As Apple is expanding in the borough, DeCrosta believes there are “special” spaces  planned for development that will attract other bigger retailers and brands because of the size and high-foot traffic of the neighborhoods. He counts Kushner Companies’ 85 Jay Street development site in DUMBO and RedSky Capital’s full block assemblage at Fulton Street, Flatbush Avenue Extension and DeKalb Avenue in Downtown Brooklyn among those.

One such space already existing that he foresees drawing a big brand, he is currently marketing. It’s the 40,000-square-foot retail portion of One Hanson Place, a converted residential condominium that is currently Brooklyn’s tallest building.

The retail base has three levels—the lower level, ground floor and mezzanine space—and DeCrosta and O’Donnell are targeting one user.
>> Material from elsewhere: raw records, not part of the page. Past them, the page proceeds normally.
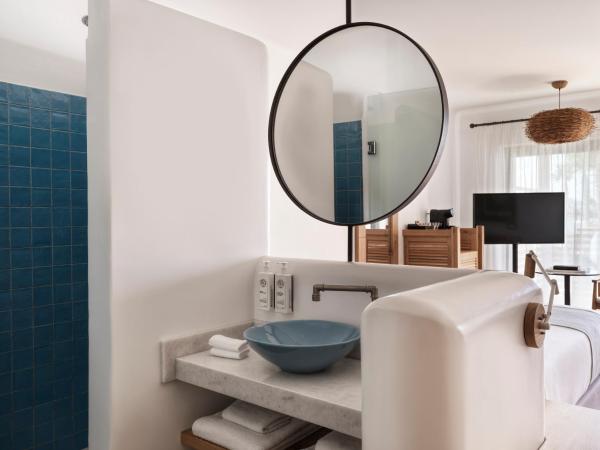 Stella Island Luxury Resort & Spa (Adults Only) : photo 4 de la chambre chambre double de luxe avec vue sur la piscine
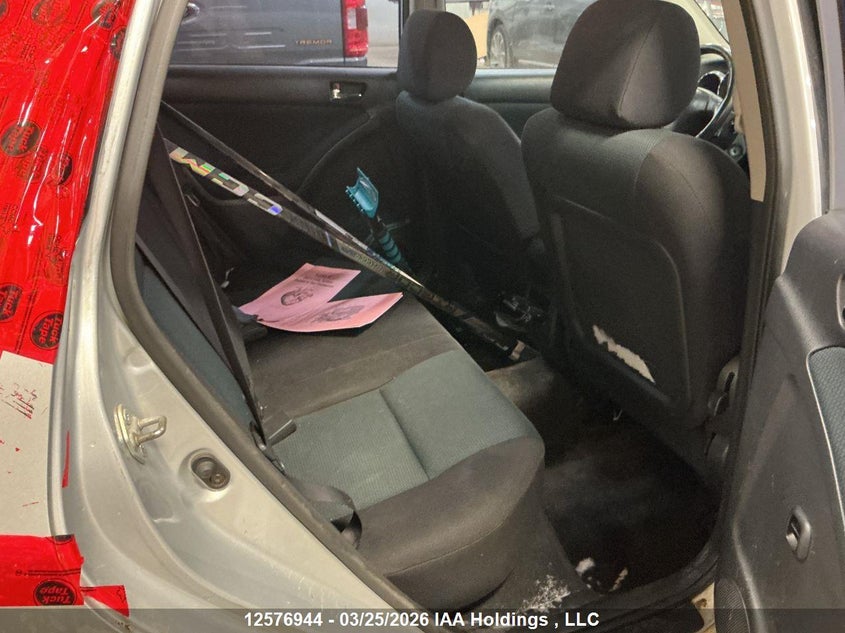 2005 Toyota Corolla Matrix Xr VIN: 2T1KR32E05C885953 Lot: 12576944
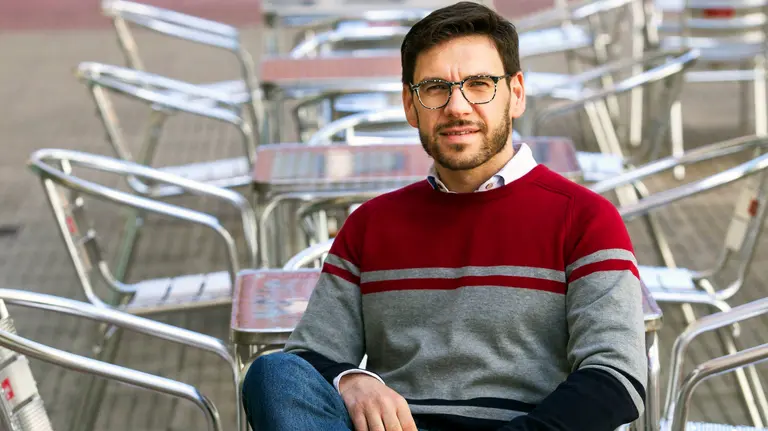 GRA055. LOGROÑO, 03/04/2016.- El profesor riojano de la Universidad Pública de Navarra (UPNA) Miguel Hernáez ha avanzado a Efe que va a diseñar unos sensores de fibra óptica para medir la presencia de testosterona y podrían aplicarse para detectar esta sustancia en la orina en controles de dopaje o en aguas contaminadas. Miguel Hernáez Sáenz de Záitigui (Cuzcurrita de Río Tirón, La Rioja, 1980) ha conseguido un contrato de investigación Marie Sklodowska-Curie concedido por la Unión Europea (UE) para desarrollar este proyecto durante los próximos dos años en la Universidad de East Anglia, en Norwich (Reino Unido). La metodología que desarrollarán es "muy novedosa", ya que no se ha utilizado "nunca", y si funciona, ha aclarado que se podría aplicar para desarrollar sensores utilizables en la detección de otras moléculas. EFE/ Raquel Manzanares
DeCrosta is hoping for a Nike, Samsung or Google. (If Google or Samsung took the space, it would be the first Brooklyn location for either; it would be Nike’s second.) It has 60-foot ceilings on the ground floor. And it has a vault on the lower level (the building was once the headquarters of the Williamsburgh Savings Bank.)

“When you walk into One Hanson Place,” DeCrosta said. “It’s an absolutely gorgeous landmarked interior. It’s a glaring hole in the market for a brand.”